Riley Oxidation of Heterocyclic Intermediates on Paths to Hydroporphyrins—A Review
Abstract
:1. Introduction
2. Results and Discussion
2.1. Diverse Conditions for the Riley Oxidation
- Selenium reagent benzeneseleninic acid in methanol.
- Selenium reagent benzeneseleninic anhydride with indole or dihydropyran as a scavenger.
- SeO2 in dioxane with an added base such as pyridine.
- SeO2 in CH2Cl2 with the oxygen donor TBHP.
- SeO2 in CH2Cl2 with the oxygen donor TBHP and SiO2.
- Selenium reagent Ph2Se2 in CH2Cl2 with the oxygen donor TBHP.
- SeO2 in a mixture of formic acid and dioxane.
- SeO2 in acetic anhydride under an atmosphere of O2.
- SeO2 in acetic acid or ethanol with H2SO4 as an acid catalyst.
- Se or SeO2 in o-dichlorobenzene purged with a mixture of nitric oxide and O2.
- Microwave-assisted SeO2 oxidation in dioxane.
2.2. Mechanistic Considerations
- Route II begins with imine–enamine tautomerization of I. The enamine of I reacts with SeO2 to generate intermediate V, and then Pummerer-like rearrangement via intermediate VI yields VII. Subsequent elimination affords IV.
- Route III has an alternate endgame, wherein the Pummerer-like intermediate VI cyclizes to give the selaoxirane-containing VIII, which, upon loss of Se, gives IV.
2.3. Riley Oxidation of Diverse Hydrodipyrrins
- A pyrroline N-oxide provides superior results (entry 1 versus 2, 79% versus 0%).
- Two 1-methyltetrahydrodipyrrin-N-oxides (entries 1 and 3) could be converted to the corresponding aldehyde, but neither product was subsequently converted to a hydroporphyrin. Methods for N-deoxygenation will likely be required to do so.
- β-Alkyl versus β-aryl groups afford comparable results (entry 6 versus 4, ~40%; and 26 versus 27, 31%).
- An aza-spirohexyl group in lieu of a gem-dimethyl has no adverse effect (entries 7,8 versus 4; ~40% for both; the former are dimethyl acetals).
- β,β-Dialkyl or β,β-annulated arenes afford comparable results (entries 9, 11 and 12; ~60%).
- A tert-butyl ester and ethyl ester at the 9-position afford comparable results (entries 9 and 12; ~60%).

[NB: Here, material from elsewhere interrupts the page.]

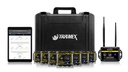Tramex Remote Environmental Monitoring System - TREMS-10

- A pre-existing aldehyde group on the pyrrole unit survives intact and causes no adverse effect (entries 13 and 39–43; all yields >60%).
- The presence of a single aryl-substituted pyrrole gives yields of 22%–57% (entries 14–16).
- A lone p-bromophenyl group on the pyrrole unit affords acceptable results (entry 16, 38%), as does a p-iodophenyl group (entry 15, 57%), whereas a lone bromine atom on the pyrrole unit results in failure (entry 17, 0%) unless the pyrrole is stabilized with an ester substituent (entry 25, 37%; a dimethyl acetal) or a pyrrole N-tosyl group (entry 3, 43%; also a pyrroline N-oxide). Halopyrroles lacking stabilizing (e.g., electron-withdrawing) substituents are known to be unstable [66].
- A meso-alkyl or meso-aryl group affords comparable results (entries 19 and 20; 63% and 65%; the former is a dimethyl acetal).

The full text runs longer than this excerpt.